The Webb children were Naith,  John, Ed, Ray, Sam, Minnie, Palace, Ada, Florence and Bobbie (Roberta).  I remember meeting Uncle Ed sometime in the forties.  He lived in Oregon.   I also remember seeing Aunt Palace, when she visited.  According to Loretta, she was from Duncan, Oklahoma.  Loretta sent me a picture of Aunt Bob when she came for a visit.  She spent most of her life in Chicago.   Aunt Palace came for a visit in the forties.   I have a strange memory of her.   She wore a ladies dress hat.  It had a lace net attached to it that covered a part of her face.   I  remember thinking it looked funny.  My cousin, Jean, reminded me that she walked with a crutch and used only one crutch.   I had forgotten that but she is right.  Aunt Minnie is buried somewhere near Comanche, Texas. 

The Webb family moved from Georgia to Texas in about 1892.   They moved to a place called X-Ray and then Thurber.  Thurber is now almost a ghost town.  It is located on I-20,  about 30 miles west of Weatherford.  If you’ve traveled that road, you’ll remember seeing the tall smoke stack.

Right after we married, I preached in Strawn, Texas, which is very near Thurber.  Thurber and Strawn were coal-mining towns.  For a few years the coal mining industry flourished around Thurber.   The old timers told me that Strawn once had a population of 30,000.  Today it probably has 300.   Thurber still has the old smoke stack, but not much else.  I’m assuming my great grandfather probably went there to work in the mines.   Mining was abandoned at Thurber and Strawn because the coal was inferior in quality to the eastern coal.

Sometime about 1903 or 1904, they moved to Big Eye between Hico and Iredell.   I don’t know the exact location of Big Eye.
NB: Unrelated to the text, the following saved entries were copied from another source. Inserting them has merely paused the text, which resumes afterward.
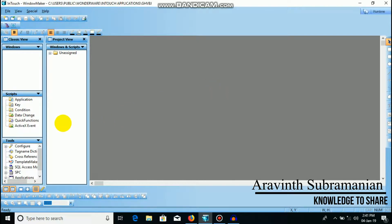In InTouch, I will show you how to use the data change. We already have the application script, key script, conditional and windows script. I will show you the purpose of the data change with a simple example and code.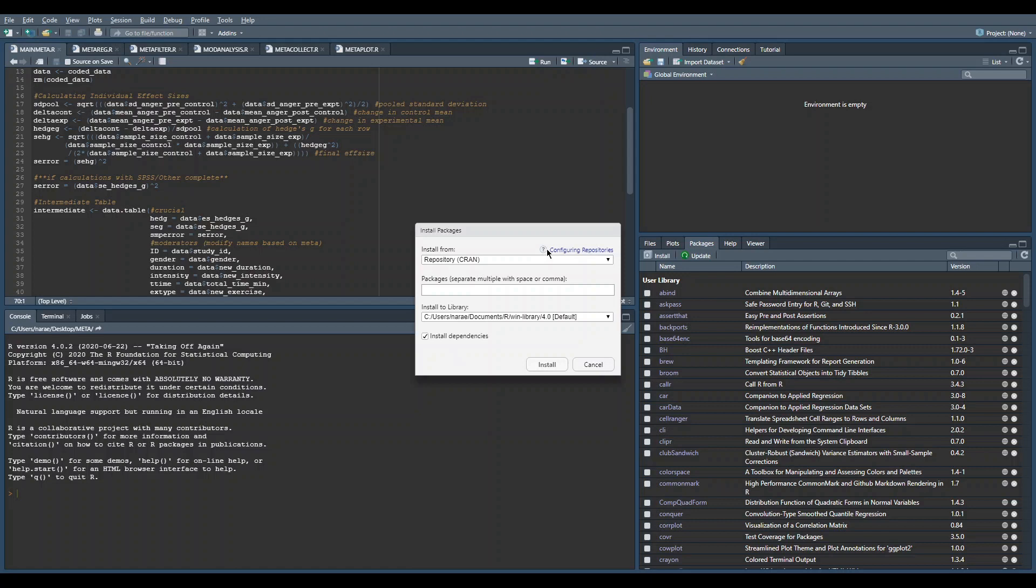If you installed it from package like CRAN, the issue that would come is that it would download the wrong version of the backports package and none of your functions would work, which is super annoying.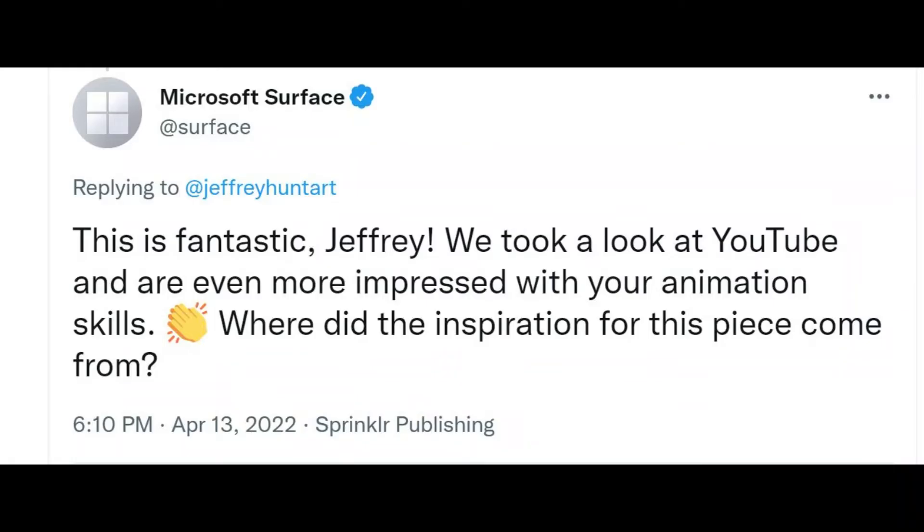Hey, good afternoon everyone. Jeffrey Hunt here, a fantasy digital artist and a recent YouTuber. I received this question recently on my Twitter feed. It looks like it came from Microsoft Surface. Where did the inspiration for this piece come from?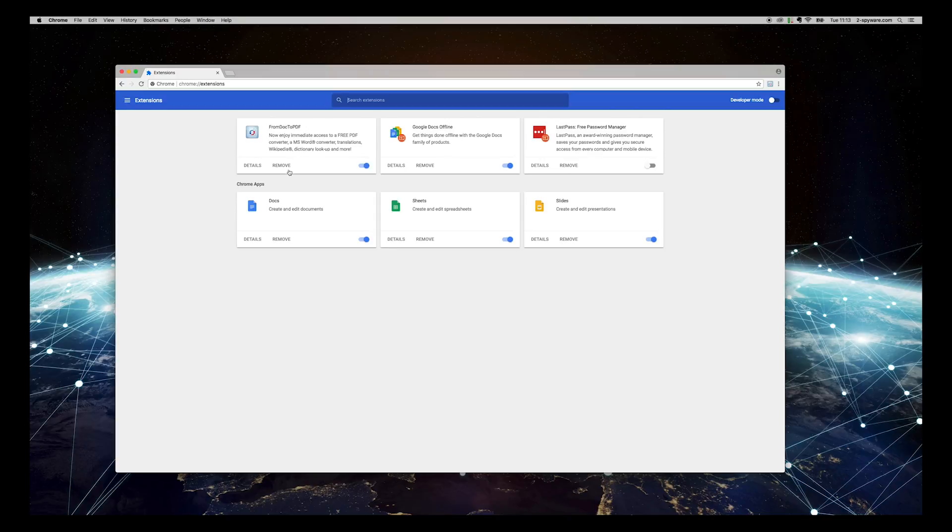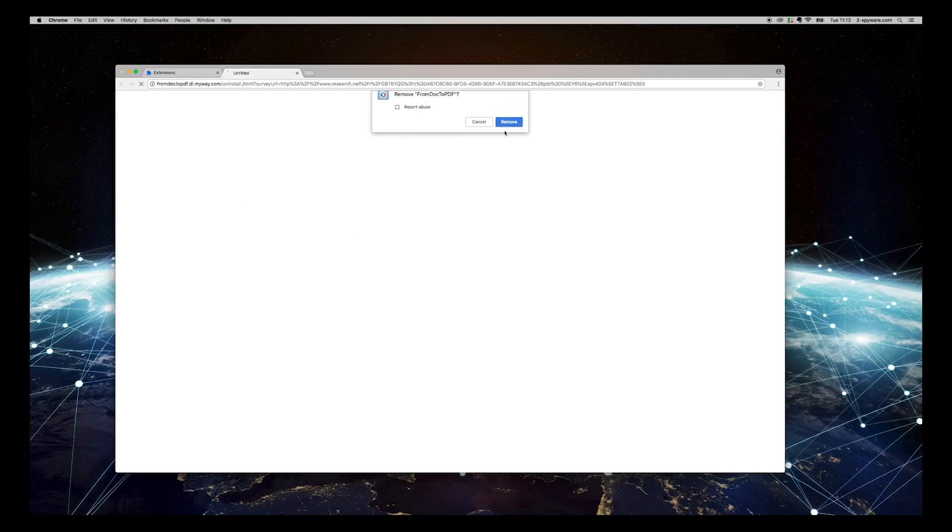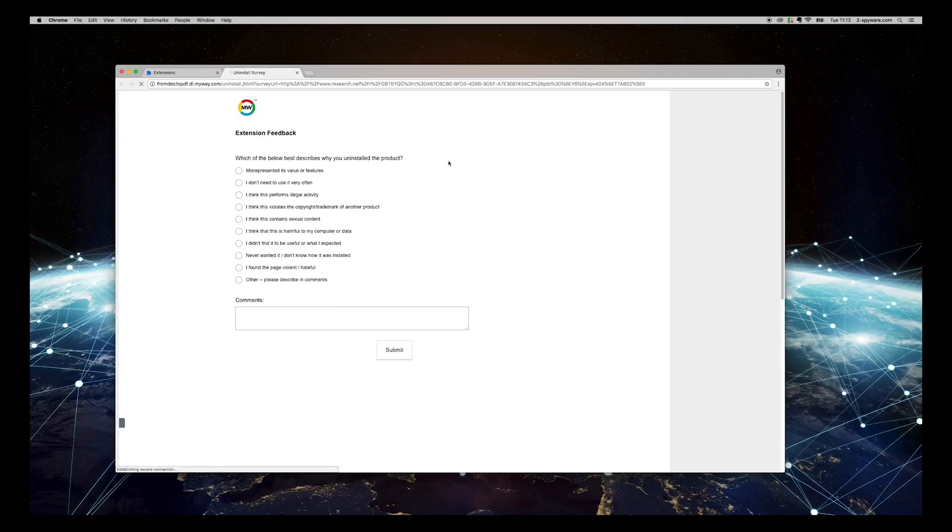If you don't remember installing it, check Report Abuse and press Remove again. Extension Feedback form might have opened, you can close it.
I do know that I was born very close to it.  There was a school building there and my father conducted church services there in the thirties.   It is somewhere near Langston’s Cross on the Bosque River  a few miles south of present day State Highway 6.  I was amazed when I visited a Sunday morning church service in Hico about ten years ago.  A lady came up to me and said, “Your parents used to live near Langston’s Crossing didn’t they?”    I was amazed that anybody would remember that.  That was 75 years ago.